Effect of Control Factors on Microstructure of Injection Molded Microcellular Polystyrene

The effect of control factors on microstructure and appearance of injection molded microcellular polystyrene was investigated in this paper. First, a continuous foam processing system was constructed using a screw preplasticating type injection molding machine, which is capable of supplying blowing agent, plasticizing, kneading and maintaining retention time for gas/polymer solution. The feasibility of foam processing with this system was verified. Injection molding control factors that affect cell nucleation and growth were classified and injection velocity, mold temperature, retention time, plunger stroke and dwelling pressure were selected as key variables for this study. The effects of these factors on cell morphology and appearance of microcellular polystyrene were examined and discussed. It was found that cell size decreases and cell density increases with an increase in injection velocity.

Viscoelastic Simulation of Bubble Growth in Polymeric Foaming

Viscoelastic simulations of bubble growth in Polypropylene physical extrusion foaming were performed. A multi mode PTT model was used for analyzing the dynamic growth behavior of spherically symmetric bubbles with consideration of diffusion of foaming agent. Changes in dissolved foaming agent concentration in polymer and changes in strain of the polymer melt surrounding the bubbles were simulated with Lagrangian FEM. The simulation technique was validated by comparing with bubble growth data, which were experimentally obtained from visual observations of the polypropylene/CO₂ batch foaming system. The simulation results elucidated that strain hardening characteristics of the polymer does not strongly affect the bubble growth rate, the linear vscoelastic characteristics are more influential and the relaxation mode around 0.01s is the important factor in determining bubble growth rate in the early stage of foaming.

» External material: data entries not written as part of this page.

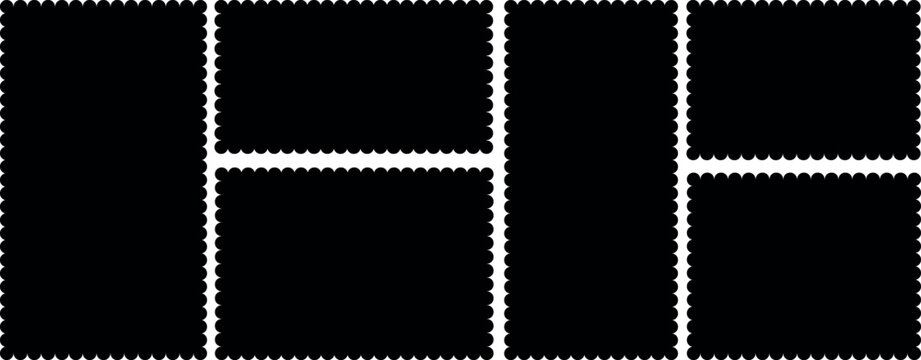 Zig zag Wavy Edge Rectangle, Scalloped edge seamless set. Geometric zig zag wavy stickers.  Simple scalloped border. Vector illustration isolated on white background.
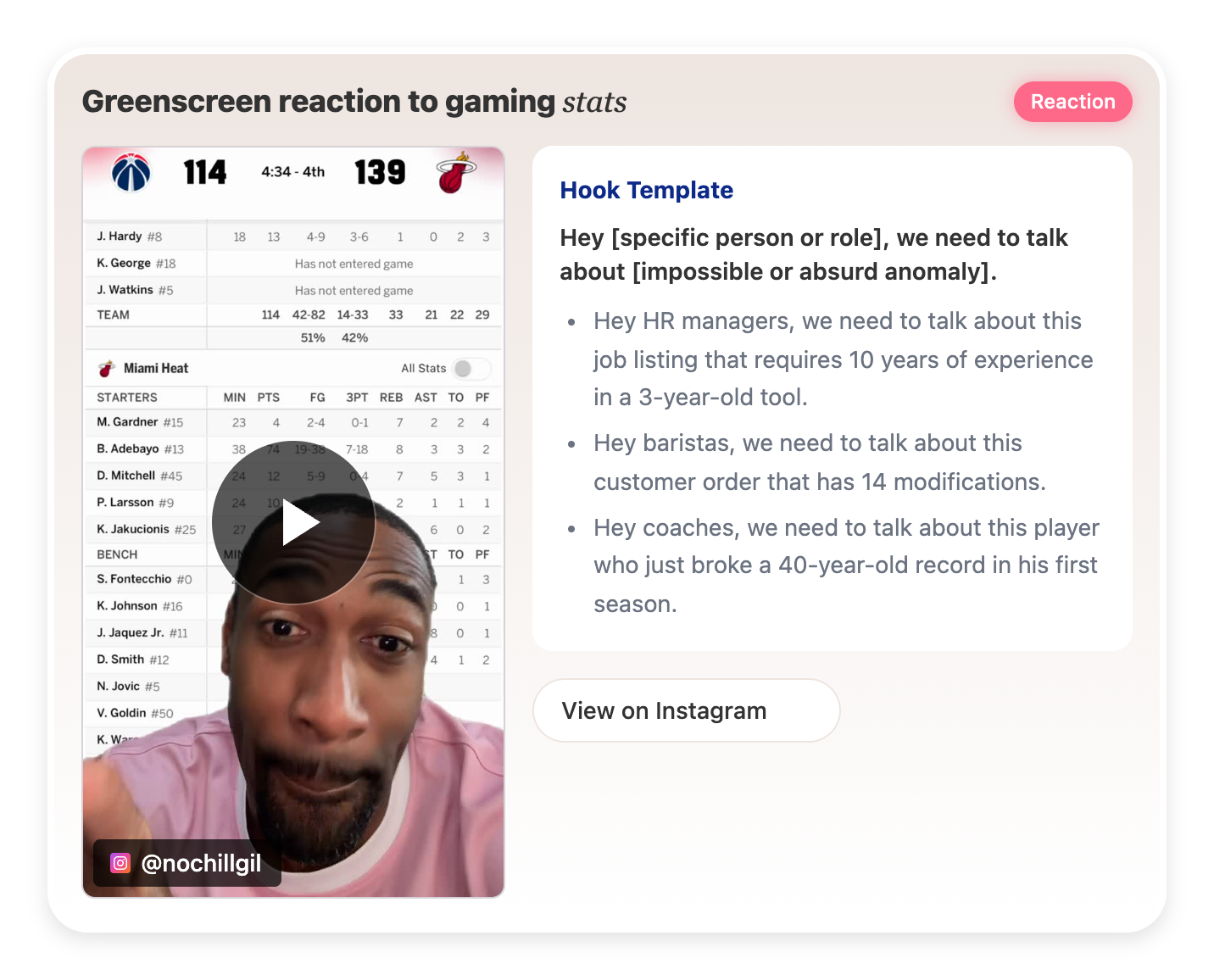 Greenscreen reaction to gaming stats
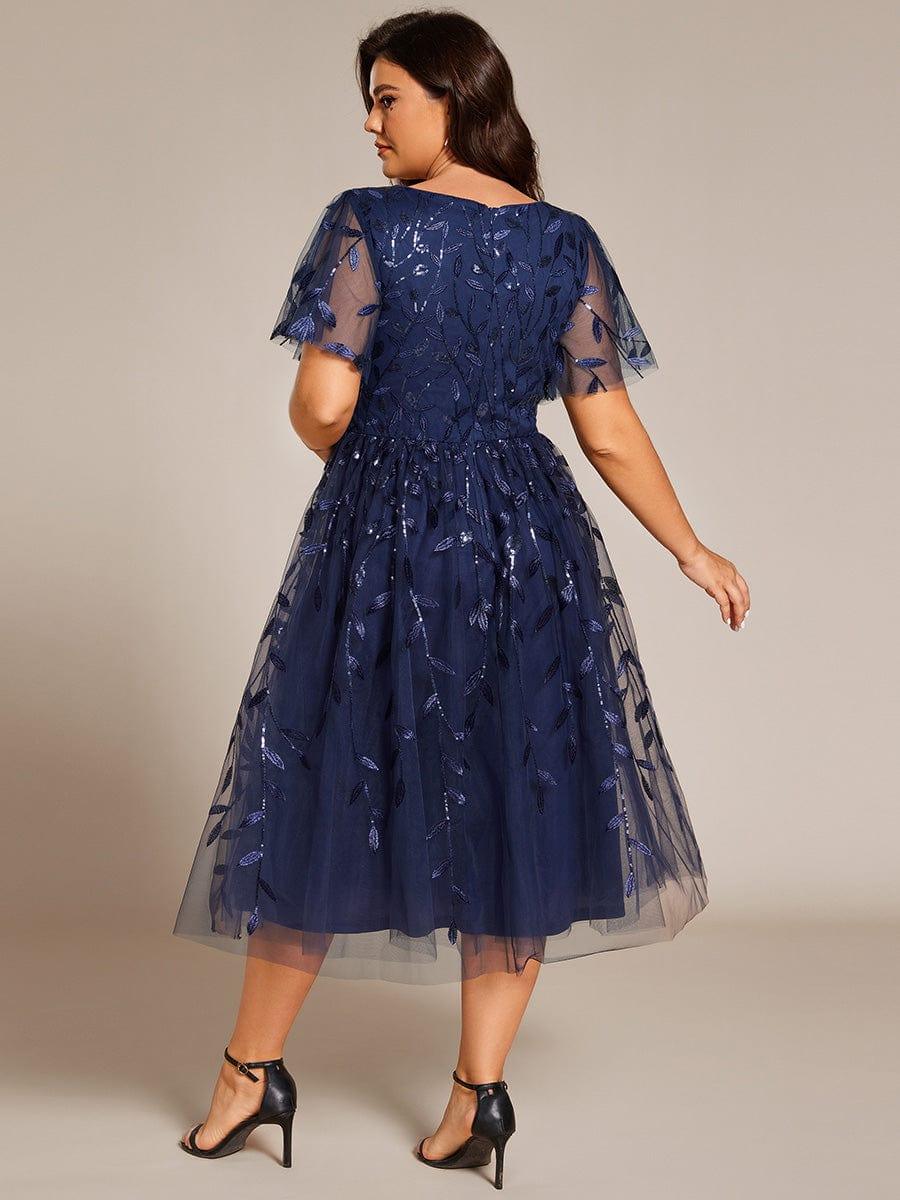 Plus size leaf sequin tulle A-line midi wedding guest dress for women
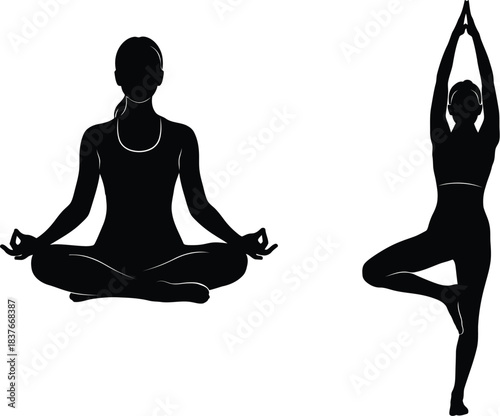 Silhouette of two women practicing yoga poses lotus and tree pose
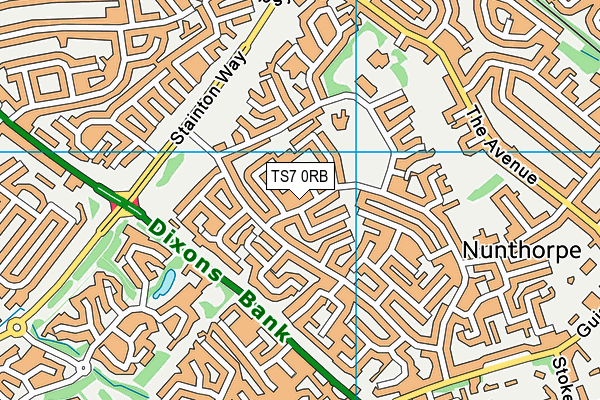 TS7 0RB map - OS VectorMap District (Ordnance Survey)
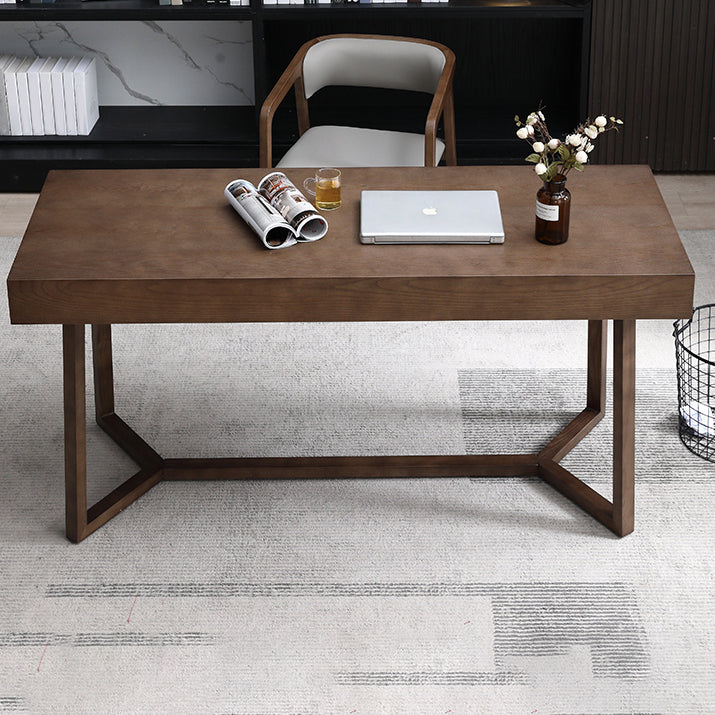 Solid Wood Contemporary Rectangular Dining Table Ash Wood Top Table with Trestle Base 63"L x 23.6"W x 29.5"H Without Chairs Clearhalo ' dining_table' 'Dining Tables & Seating' 'Dining Tables' 'furn' 'furn_dining_table' 'Furniture' 'furniture_dining_table' 'Kitchen & Dining Furniture' 'kitchen&dining_furn' 'kitchen' 'kitchen_dining_table' 4429361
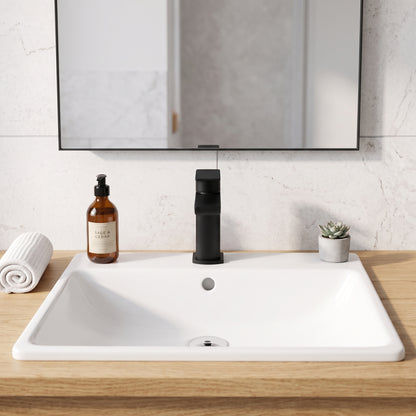 Fairford Una Matt Black Mini Basin Mixer with Push Button Was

Improvement of Clarity of Polypropylene using Supercritical Carbon Dioxide

To achieve higher clarity of polypropylene sheets while keeping a certain level of crystallinily and maintaining mechanical properties, supercritical CO₂ (SCF-CO₂) is used when blending a nucleating agent with polypropylene powder. The nucleating agent is initially dissolved in SCF-CO₂ together with an entrainer (1-propanol), and then the polypropylene powder is exposed to the SCF CO₂/entrainer/nucleating agent system. The SCF-CO₂ enhances the diffusivity of the nucleating agent into the polypropylene powder and enables a better dispersion of the nucleating agents in the polymer. The better dispersion increases the number of nuclei and reduces the size of the spherulites. The reduction of spherulite size improves the clarity of the polypropylene sheets. Comparison of the clarity of polypropylene sheets made from SCF-CO₂ treated powder with those made from powder dry-blended with nucleating agents clearly shows the positive effect of the SCF-CO₂ treatment. The experimental results also show that a higher density of SCF-CO₂ increases the clarity of polypropylene sheet and an entrainer, with a solubility close to that of the nucleating agent, is effective for improving the clarity.